Verbreitet ist die Ansicht, dass „Studieren statt Blockieren“ generell gegen die Besetzung der Hörsäle sei. Dementgegen meint Bauer, dass die Missstände an den Universitäten in dieser Radikalität aufgezeigt werden mussten. „Nur hat es nebenbei die Studenten getroffen, und das war nicht gut.“ Auch die inhaltlichen Unterschiede zu den Besetzern sind kleiner als allgemein angenommen. „Wir gehen mit vielen Forderungen d’accord“, erklärt Bauer. Trotzdem möchten sich die acht nicht dem Audimax-Plenum anschließen. Dazu fehle von Seiten der Besetzer die Kompromissfähigkeit in wesentlichen inhaltlichen Fragen. Die Gruppe werde erst wieder versuchen, die eigenen Verbesserungsvorschläge einzubringen, sobald sich die Diskussionsgrundlage verbessert habe. Die Gründung einer AG Ideologiefreiheit sei dafür ein gutes Zeichen.
Andere Auffassungen
In vielen Bereichen vertritt die Führung von „Studieren statt Blockieren“ andere Auffassungen als ein großer Teil der Mitglieder. Viele würden durch den reißerischen Namen angelockt, „die nur total gegen die ganze Sache sind, die da momentan im Audimax passiert“. Neben der angestrebten Namensänderung soll die Abspaltung auch endlich Admin-Rechte für die Führungsgruppe bringen. Gerade in den letzten Tagen hätten die unsachlichen und beleidigenden Postings zugenommen. Montagnachmittag war die Schmerzgrenze erreicht und die Abspaltung wurde beschlossen.

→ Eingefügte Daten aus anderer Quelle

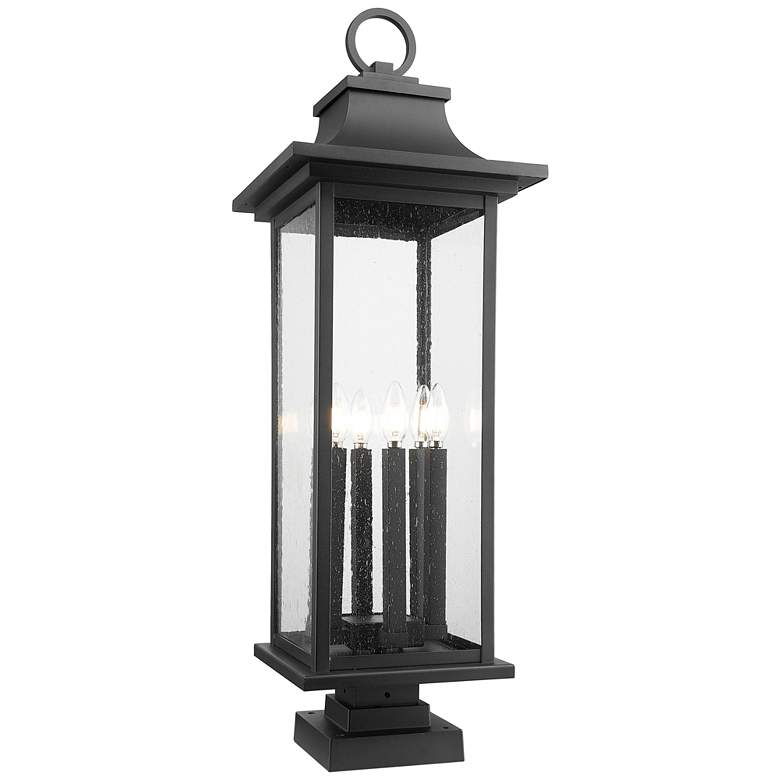 Image 1 Tiberius by Z-Lite Black 12 inch 6 Light Outdoor Pier Mounted Fixture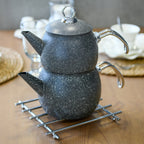 2-Piece Chrome Metal Trivet Set – Heat-Resistant Coasters for Hot Cookware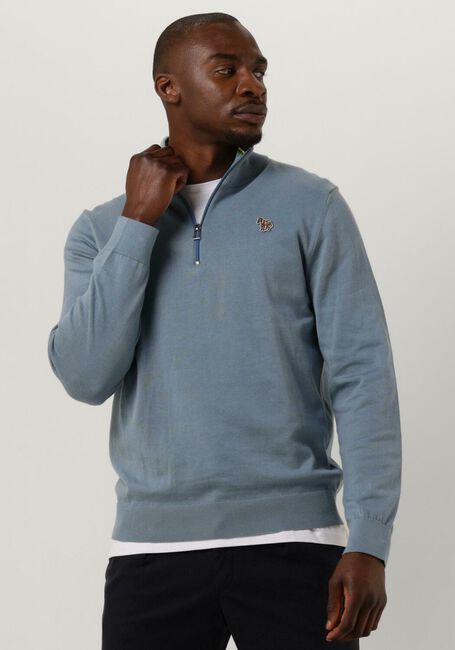 Hellblau PS PAUL SMITH Pullover MENS SWEATER HALF ZIP ZEB BAD - large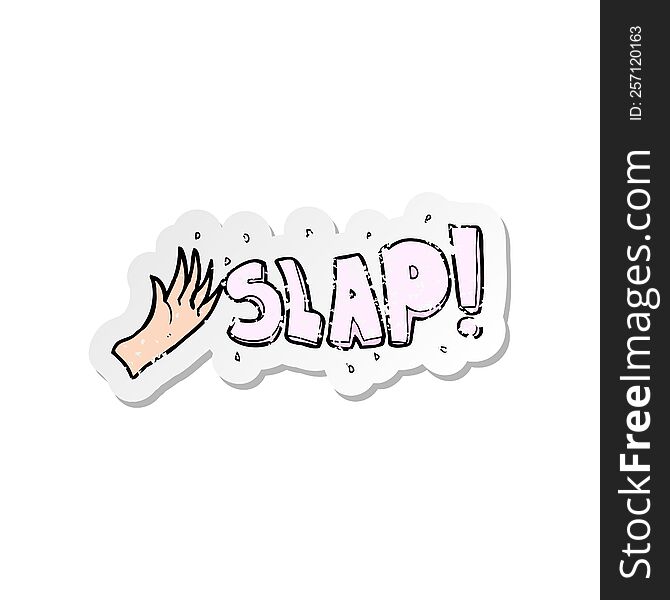 Retro Distressed Sticker Of A Cartoon Slap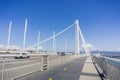 Walking on the new bay bridge trail going from Oakland to Yerba Buena Island, San Francisco bay, California Royalty Free Stock Photo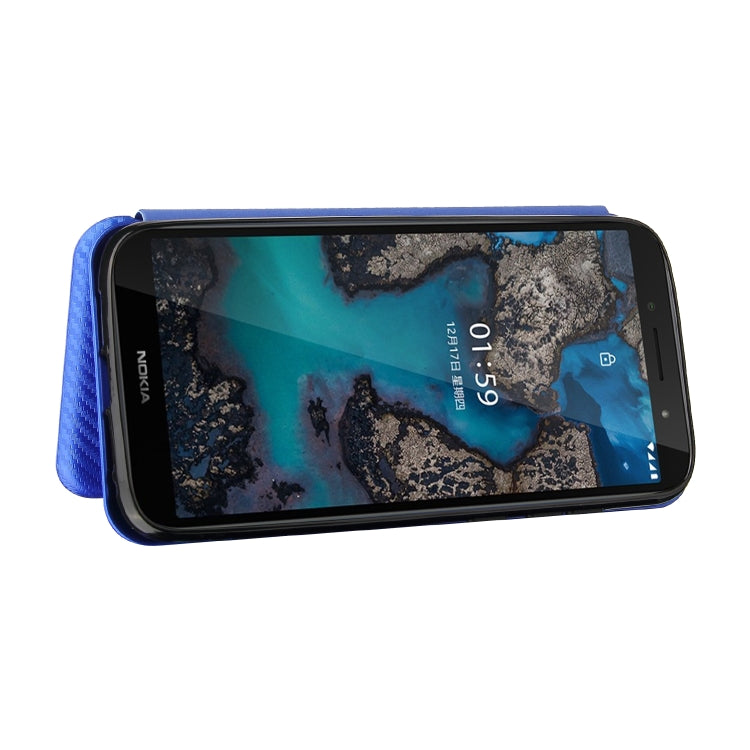 For Nokia C1 Plus Carbon Fiber Texture Horizontal Flip TPU + PC + PU Leather Case with Card Slot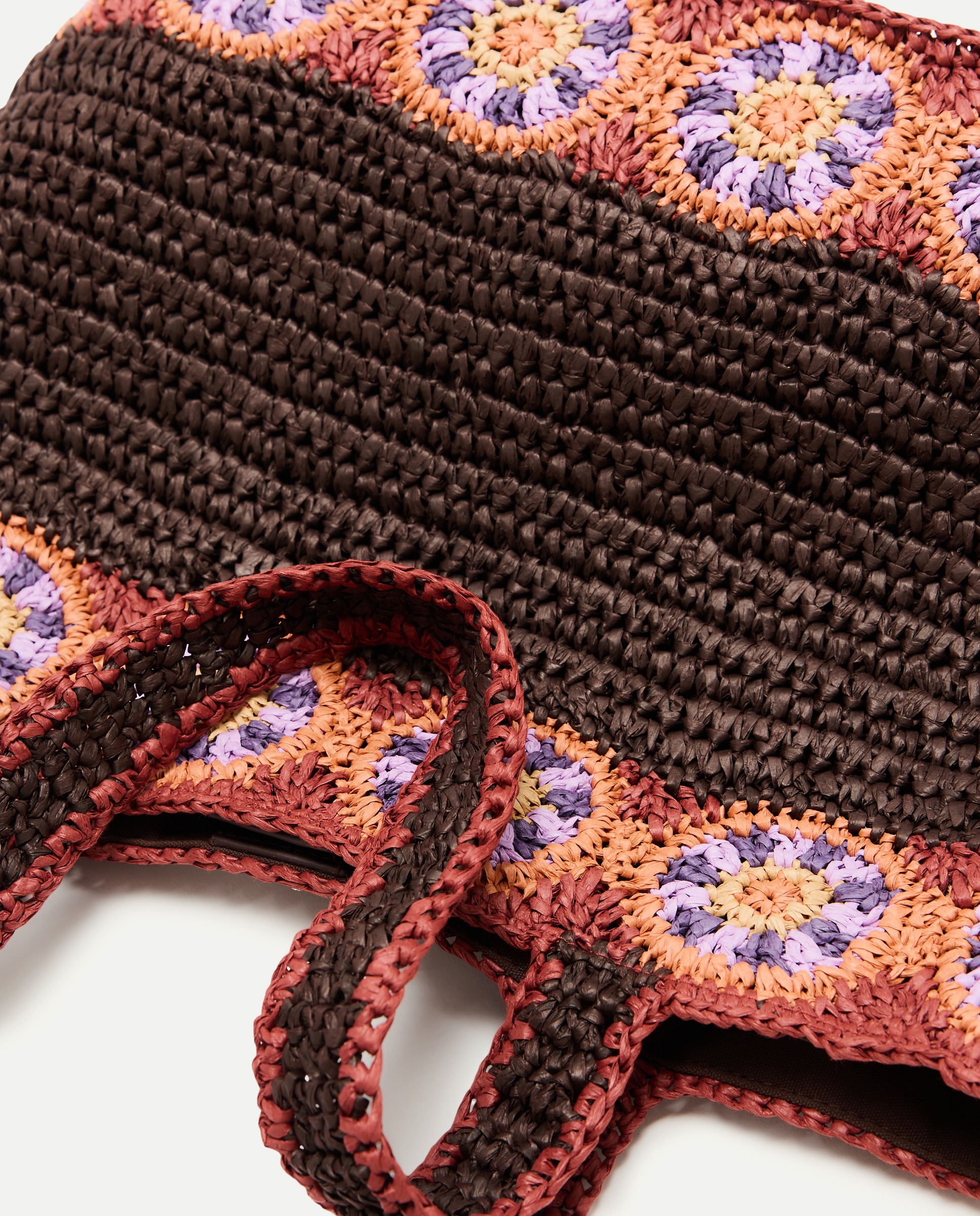 Mala Shopper com Crochet Floral 200 Rosa-4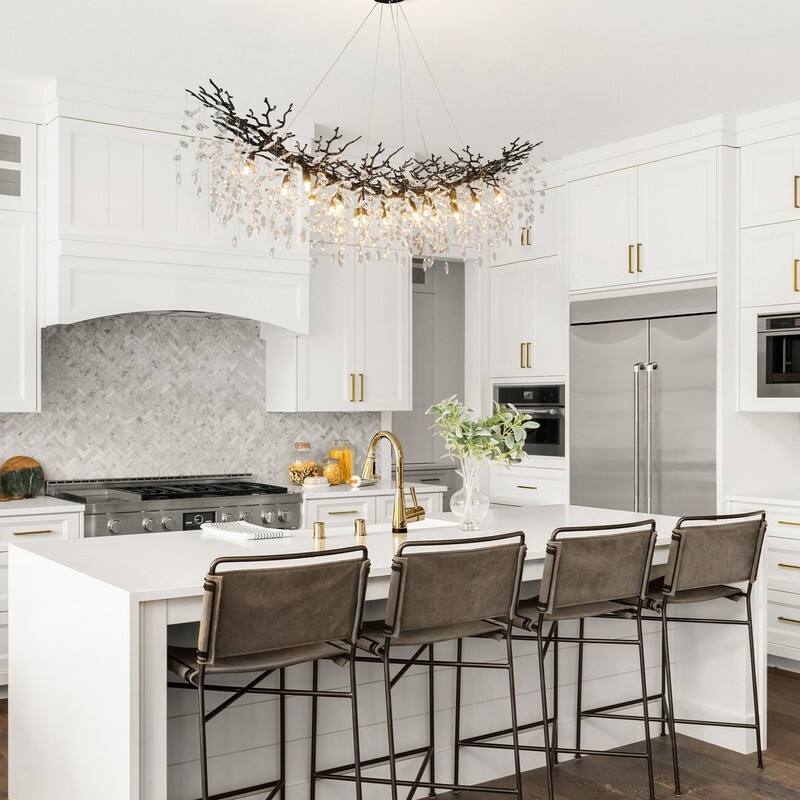 Modern Branch Crystal Linear Chandelier, 1100-1830mm Dining Pendant Light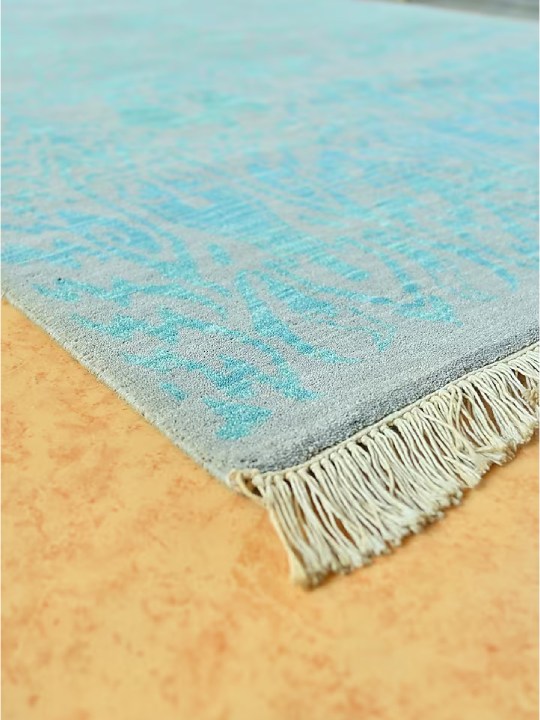 Powder Blue Blended Wool Hand-Knotted Shaded Persian Rug
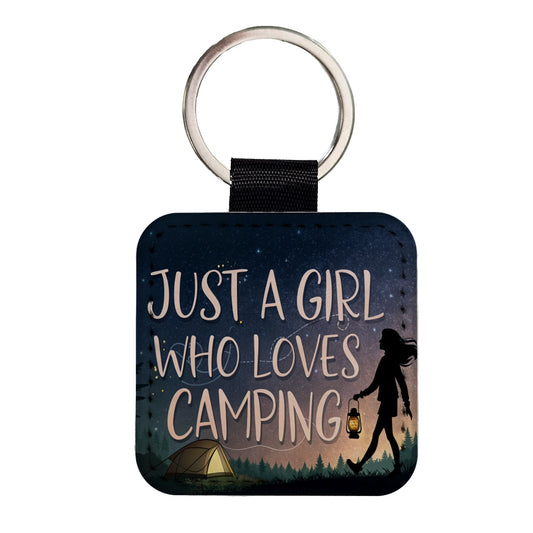 Just A Girl Who Loves Camping Funny Square Faux Leather Keychain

So weit wäre man allerdings nicht gegangen, hätte sich nicht mittlerweile das Fernsehen gemeldet. Pressesprecher Johannes Bauer wurde für Mittwoch zu einer ATV-Diskussionsrunde eingeladen. Das Interesse des Fernsehens sei der Beweis für die gesteigerte öffentliche Aufmerksamkeit. „Wir wissen jetzt, dass wir nicht untergehen, wenn wir uns abspalten“, gibt sich Bauer zuversichtlich. Er will mit der geplanten Auslagerung auch „austesten, wie viele Leute wirklich hinter uns stehen“. In der neuen Bewegung seien alle willkommen, egal ob Gegner oder Befürworter der Besetzung, einzige Bedingung sei Konstruktivität.
Wie es weitergeht
Einwänden, man wolle damit dem Audimax den Rang als Diskussionsplattform streitig machen, widerspricht Bauer: „Wir wollen bestimmt nicht mit dem Audimax konkurrieren.“ Auch die entgegengesetzte Interpretation lässt er nicht gelten. Einige Audimax-Besetzer hatten Bauer schon früher eine Abspaltung empfohlen. Dass sie jetzt vorgenommen wird, sei deswegen aber kein Zeichen einer bevorstehenden Annäherung an die Protestierenden. Die Arbeit werde so weitergeführt wie bisher. Ziel bleibe weiterhin die Verbesserung des universitären Bereichs, genauso wie es auch das Audimax anstrebe. „Wir versuchen das teilweise mit anderen Vorschlägen“, so Bauer. Zum Beispiel sollten auch die Gegner der Proteste mehr in die Lösungsvorhaben eingebunden werden. Von der ÖH wünscht er sich eine kritischere Haltung gegenüber den Protesten. Im Hinblick auf die Vertretung aller Studierenden solle sie eine stärkere Oppositionsrolle einnehmen. Noch ist man vorsichtig bei der Vermarktung der eigenen Ideen. Von sich aus werde die Initiative nicht an die Politik herantreten, meint Bauer. Das entspreche ihrer apolitischen und fraktionslosen Überzeugung und sei notwendig, um nicht in ein politisches Eck gedrängt zu werden.